1985
Prince unveils new studio album
'Around the World in a Day' should
be out in April
BY MICHAEL GOLDBERG
PRINCE'S SEVENTH ALBUM, Around the World in a Day, should
be in record stores before the end of April. The LP, which
was recorded both at Price's home studio in Minneapolis
and at Hollywood studios, contains nine tracks that, according
to the LP's credits, were "produced, arranged, composed
and performed by Prince and the Revolution."
Prince unveiled the record on Thursday, February 21st.
Warner Bros. Records executives received a phone call late
in the afternoon that day informing them that the label's
biggest star would be arriving at their Burbank headquarters
in forty-five minutes. Interoffice phones buzzed with the
news, and a huge crowd of Warners staffers hurriedly assembled
in the front lobby.
At about five p.m., a shiny purple limousine pulled up
outside the record company's building. Prince stepped out
of the car, along with his father, John L. Nelson; his
bodyguards; his managers; and Revolution guitarist Wendy
Melvoin. Dressed in a long, purple antique kimono and striped,
pajama-type pants, Prince clutched a single pink rose as
he entered the building. Obviously pleased and looking
quite confident, Prince smiled as the crowd greeted him
with tumultuous applause. "I've seen Fleetwood Mac and
David Lee Roth and Shaun Cassidy and everyone walk into
this building," said one Warner Bros. employee, "but nothing
like this."
Prince's entourage trooped past more fans crowded along
the stairways and corridors, up to a fourth-floor conference
room that had been hastily decorated with hundreds of purple
helium balloons and white streamers. About 150 Warners
staffers and executives -- including president Lenny Waronker
and board chairman Mo Ostin -- were crammed into the room.

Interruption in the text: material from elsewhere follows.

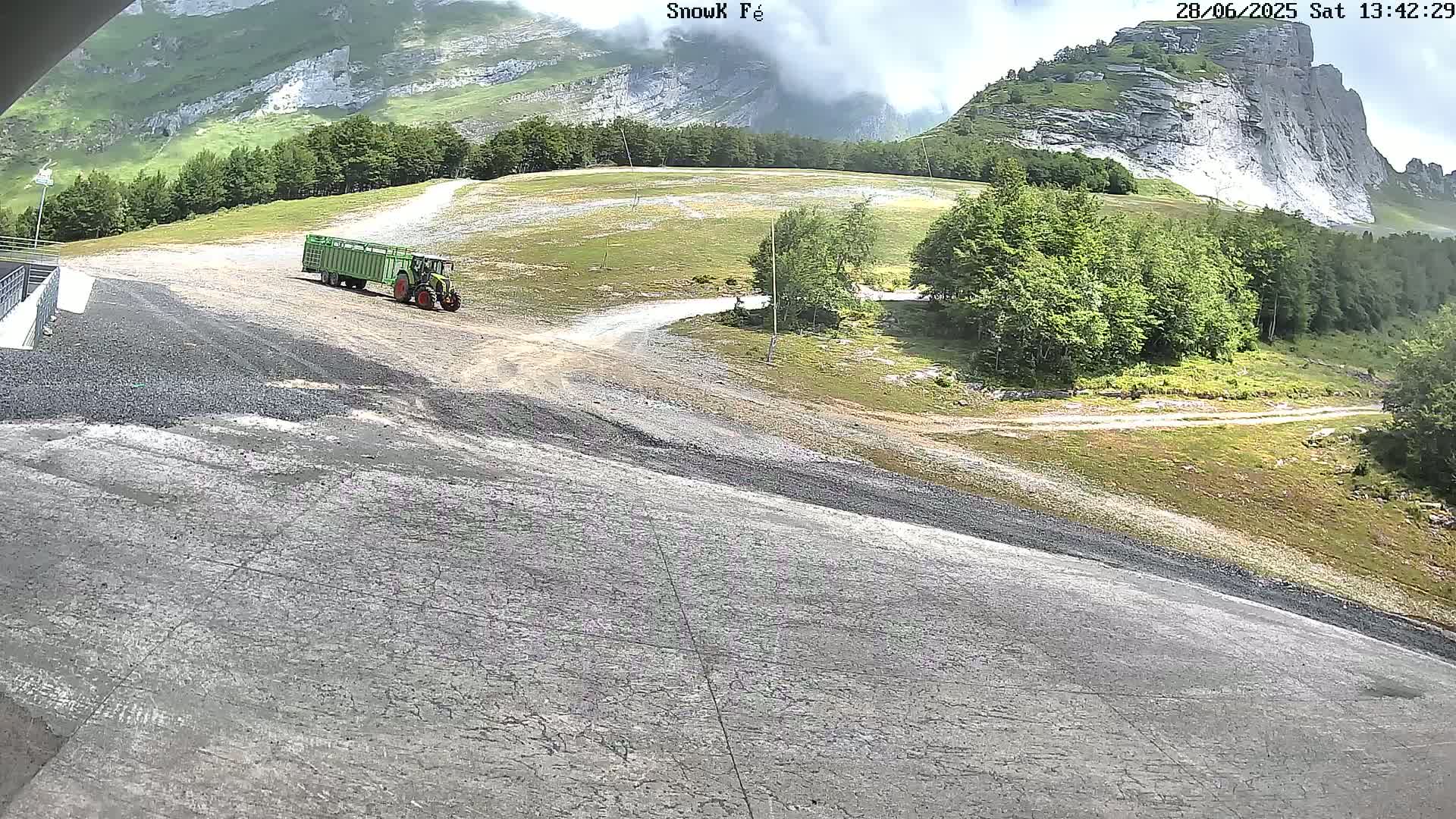 Gourette,  Pyrenees View from Snow K Fé Live Cam - Eaux-Bonnes,  Pyrenees-Atlantiques, Nouvelle-Aquitaine, France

Except for a few words with Ostin, Prince was silent. He
sat on the floor with Wendy and his father, stared at the
ground and held on to the rose as tapes of the album played
at full volume.
Side one of the album includes the LP's title track,
which was written by Prince, his father and David Coleman,
who is the brother of Revolution keyboardist Lisa Coleman.

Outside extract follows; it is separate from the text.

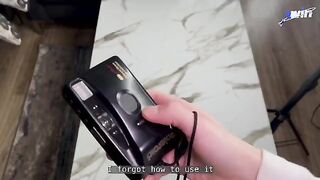 A young student was photographed by a cunning fake photographer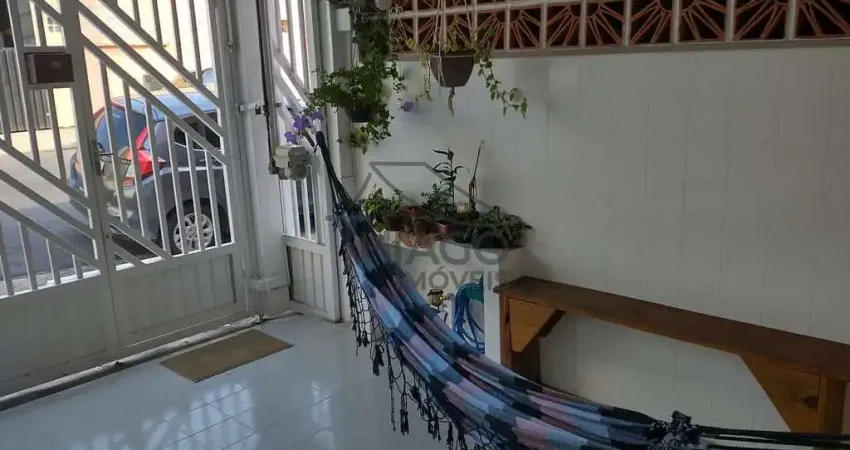 Lindo sobrado à venda na Mooca, imóvel de 110m², com 2 dormitórios, sendo um com suite e closet, e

The songs uses such unusual as an oud, finger cymbals and
a darbuka to create a Middle Eastern feel. "Paisley Park," named
after Prince's home studio, is a buoyant rocker reminiscent
of the Beatles' "Strawberry Fields Forever." The ballad "Condition
of the Heart" is a solo performance by Prince that features
a Keith Jarrett-style piano intro and a falsetto vocal,
while "Raspberry Beret" is another track that recalls the
Beatles' psychedelic period ("She wore a Raspberry beret/The
kind u find in a secondhand store/And if it was warm, she
wouldn't wear much more"). The final cut on side one is "Tambourine," a
heavily rhythmic track with a Bo Diddley beat. It's sung
and played by Prince alone.
Side two contains "America," which plays off "America
the Beautiful" and has an American Indian feel ("America,
America, God shed his grace on thee/America, America, keep
the children free"). "Pop Life," another Beatles-influenced
number, includes drumming by Sheila E. and a string interlude "composed
and conducted by Lisa and Wendy" ("What u putting in your
nose/Is that where all your money goes?") "The Ladder" is
a gospel-flavored song written by Prince and his father.

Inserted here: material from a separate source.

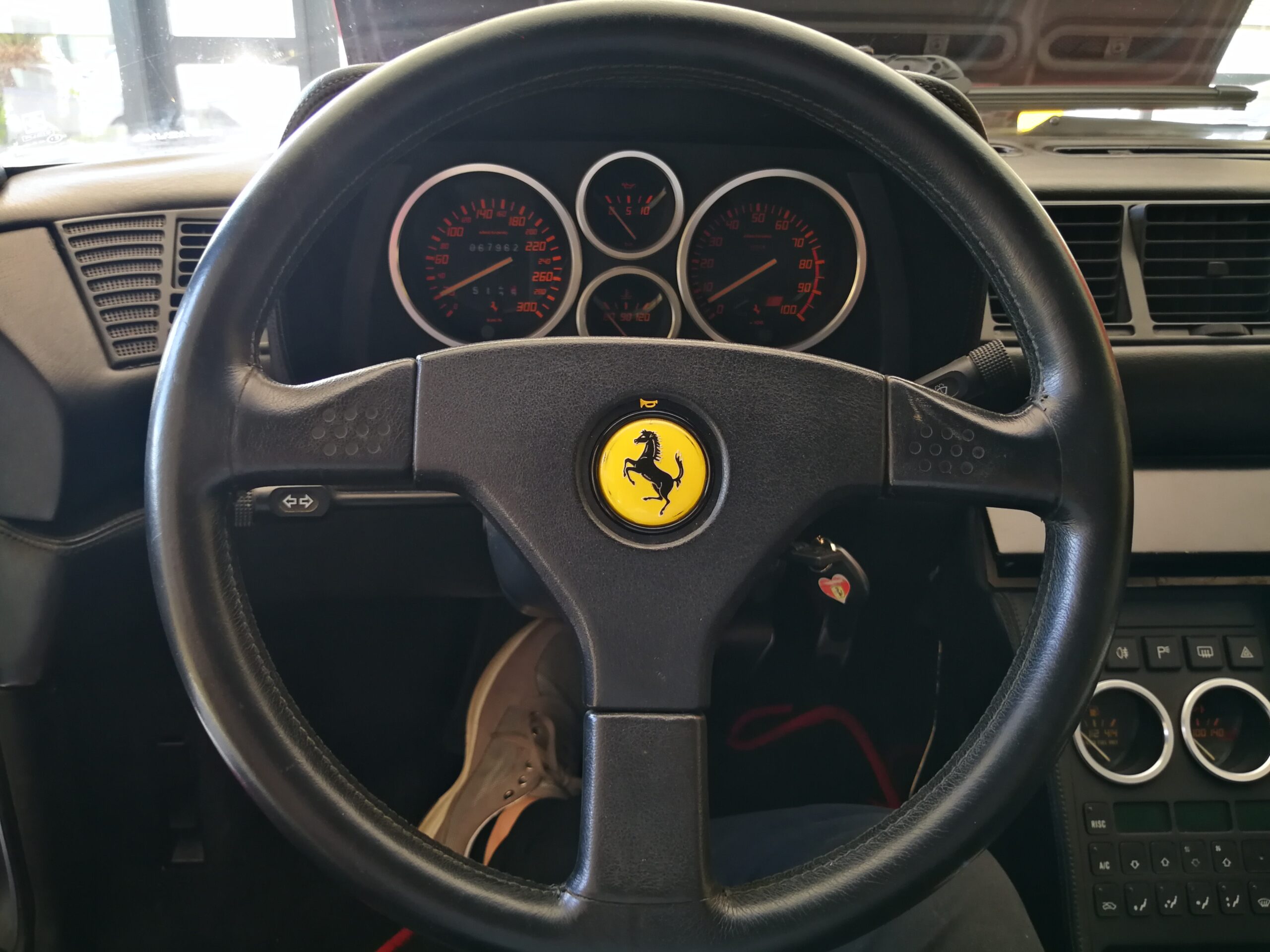 
								FERRARI 348 TB Targa Oro completo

It features a female chorus that includes Lisa, Wendy and
Wendy's sister Susannah Melvoin. The album's epic is "Temptation," an
eight-minute-and-twenty-one-second song that Prince has
been performing in concert. It begins with Hendrix-style
guitar and ends with a weird rap that sounds like a dialogue
between Prince and God. Prince says, "I'm talkin' about
the kind of temptation that'll make you do things. I'm
talkin' about sexual temptation." An electronically altered
low voice says, "You have to want it for the right reasons." And
Prince responds, "I'm sorry. I'll be good. This time I
promise. Love is more important than sex. I understand.
I have to go now."
The album's first single, "Paisley Park" (back with a
nonalbum song called "She's Always in My Hair"), was to
have been released on February 27th, the day after Prince
won three Grammys. A few days before the awards ceremony,
however, Prince abruptly changed his mind, deciding not
to release the single. One source at Warner Bros. said
Prince didn't want the song to compete with "We Are the
World," the USA for Africa record, which he declined to
participate in.
Until late last month, details about the album were closely
guarded secrets. At Warner Bros., only a handful of top
executives knew about it. Still, rumors began circulating
in music-business circles, and at least one advance tape
got into the hands of a rival record-company executive.
In the Warner Bros. conference room, every song was greeted
with applause, and before the last cut ended, Prince vanished.
Said a Warners source, "Everyone sort of stood up and applauded
after the record was over, and then he wasn't there anymore."